Selection-fusion approach for classification of datasets with missing values
Management of missing values becomes critical when the number of available samples is small. Many challenges arise from insufficient statistical power after the missing values are imputed. We need to resolve the questions of measuring the complexity of the missing values, working with the missing values when imputation of the missing values is inappropriate, and managing the missing values when the same features are missing in the test and training samples.
- Proposed a new approach, named selection-fusion, based on the subspace classification method.
- Missing value management is integrated not only in the training but also in the testing of the classifier.
- A set of classifiers are trained on the subspaces of the original feature space and then clustered using a distance metric.
- The best classifiers in each cluster, depending on the testing data, are combined to construct the overall classifier and estimate the final output.
- To support the hypotheses in the previous sections and to evaluate the proposed method and compare it with the previous methods, we have conducted a variety of experiments using a wide range of real-world datasets. Seven datasets from the University of California, Irvine and our epilepsy dataset (a total of eight datasets) have been used in these experiments. The proposed method is compared with five well-known missing value management algorithms: (1) pairwise deletion; (2) decision tree (CART); (3) expectation maximization (EM) single imputation; (4) multiple imputations (MI) with EM; and (5) ensemble classifier (voting selection-fusion (SF) with random selections). The means and standard deviations of the correct classification percentages are calculated and presented in the following table. The results show that the proposed algorithm outperforms the other methods when either the percentage of the missing values is large (more than 20%) or the number of samples in the dataset is small.
- The relationship between the proposed index(CVI) and the performance of the selection-fusion algorithm is evaluated. This following figure compares the accuracy of the four methods when 1/CVI changes from 1 to 40 for the 3 datasets. The results illustrate that although the relationship between the accuracy and the 1/CVI depends on the pattern of the missing values, our approach (SF) is always superior when 1/CVI is larger than 20. Also, as 1/CVI increases further, the superiority of the SF approach to the other methods becomes more pronounced.
- To evaluate the effect of the number of samples in the dataset and the percentage of the missing values on the CVI, some of the features are removed from the Breast Cancer dataset, using the MAR, MCAR, and systematic missing value models.

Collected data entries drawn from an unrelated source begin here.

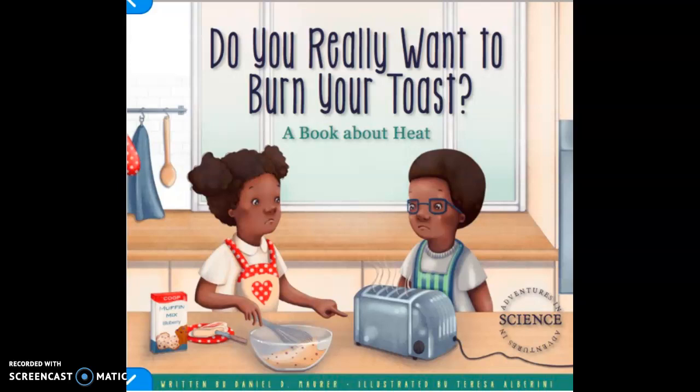Hello scientists! Today we're going to read a book together called Do You Really Want to Burn Your Toast? A book about heat. This book was written by Daniel D. Moore and illustrated by Teresa Alberini. It's about two children who cook food for their parents and learn about the science of heat and how energy transfers to cook food.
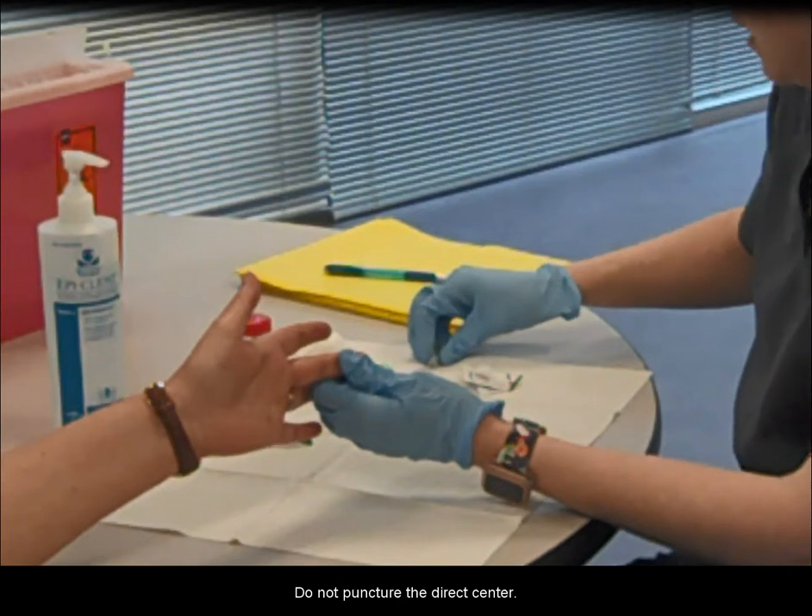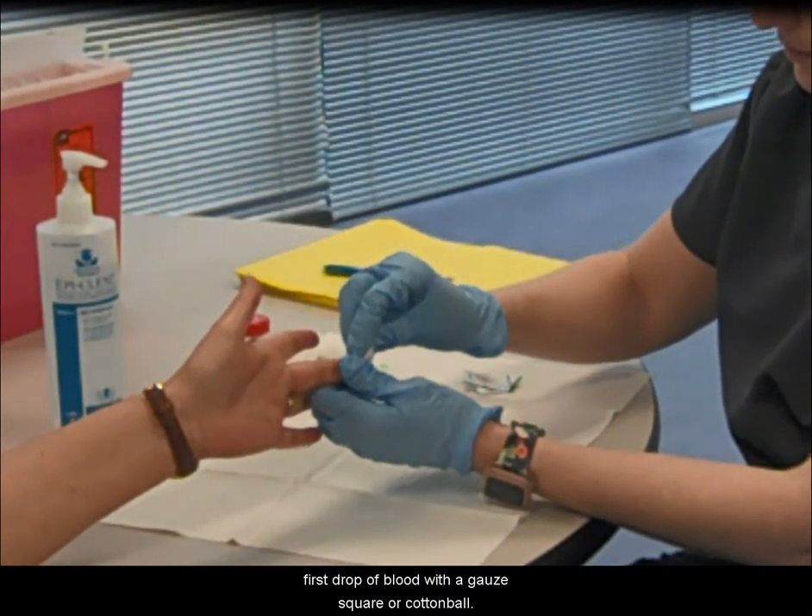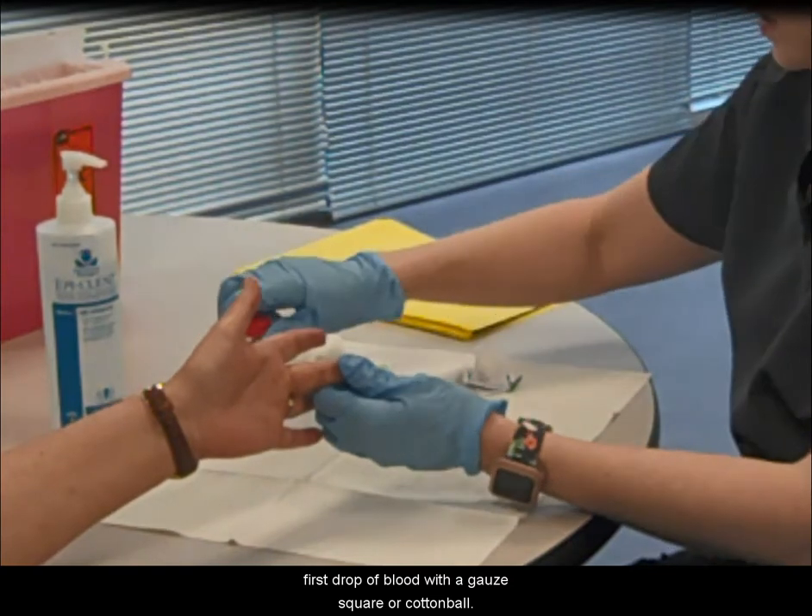Do not puncture the direct center. Discard the lancet in a sharps container and wipe away the first drop of blood with a gauze square or cotton ball.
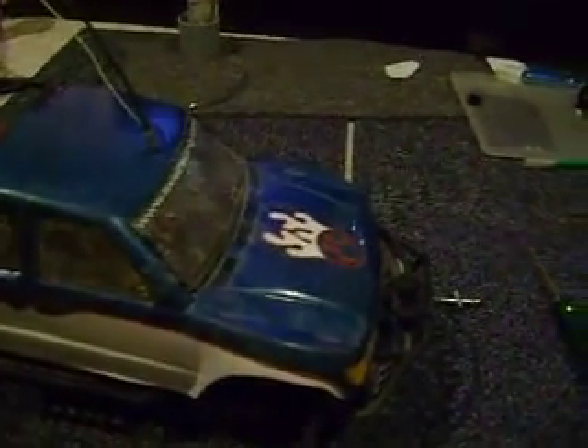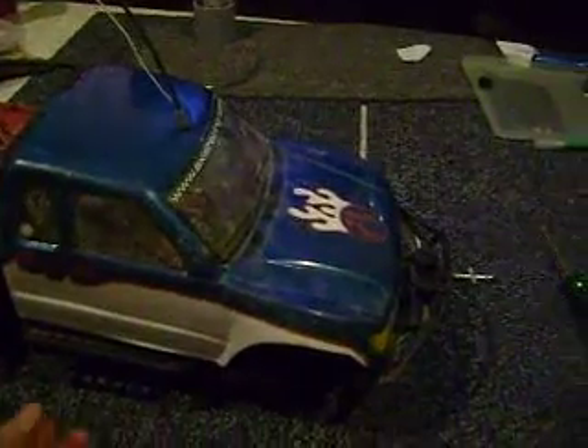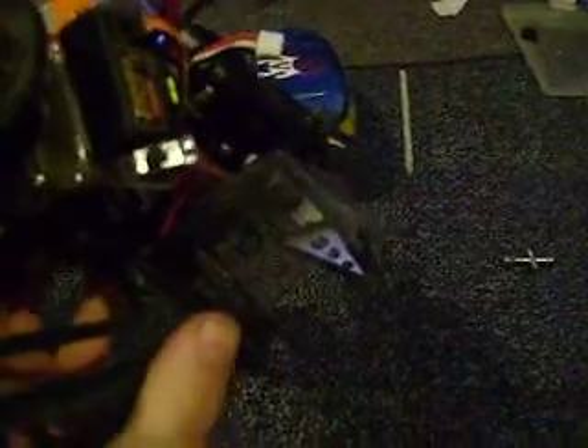Here's a nice friendly tip for whoever has an Axial Honcho and likes to run it in mud. You can't see it too well at the moment, but I have just finished putting some fenders on the inside. They are now big enough that they will catch most of the mud and stop it from hitting the inside.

For each of the resulting datasets, 1/CVI is calculated and plotted in the following figure versus the number of the samples (sample space size) and the percentage of the missing values. The results show that the relationships between the 1/CVI and the missing value parameters depend on the pattern of the missing values, although it is always a monotone function.

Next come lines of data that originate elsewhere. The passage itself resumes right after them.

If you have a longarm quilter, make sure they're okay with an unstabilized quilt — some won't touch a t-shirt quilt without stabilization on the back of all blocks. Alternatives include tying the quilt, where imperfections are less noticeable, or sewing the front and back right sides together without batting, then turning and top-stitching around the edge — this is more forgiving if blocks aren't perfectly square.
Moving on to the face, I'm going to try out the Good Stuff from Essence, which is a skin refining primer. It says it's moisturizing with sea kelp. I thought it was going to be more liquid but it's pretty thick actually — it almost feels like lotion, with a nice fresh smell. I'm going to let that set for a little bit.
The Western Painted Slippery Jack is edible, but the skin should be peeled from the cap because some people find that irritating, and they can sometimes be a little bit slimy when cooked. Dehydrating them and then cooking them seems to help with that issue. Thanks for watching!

- The effect of the number of subsets on the performance of the proposed method is evaluated by applying the method to the original HBIDS dataset and additional datasets generated by randomly removing some of the features from the original dataset. The results are graphed in the following figure (a). Note that with 10% missing values, 5 subsets yield the maximum performance. In this case, the performance does not improve much by increasing the number of subsets beyond 5. On the other hand, with 30% missing values, at least 8 subsets are required to get the maximum performance.
- The performance of the proposed approach is compared with the multiple imputation method by estimating their receiver operating characteristic (ROC) for the HBIDS dataset. The results graphed in the following figure (b) show that our approach has higher sensitivity and specificity. The area under the ROC curve of the proposed method for the dataset with 20% missing values is about 5% larger than that of the multiple imputations.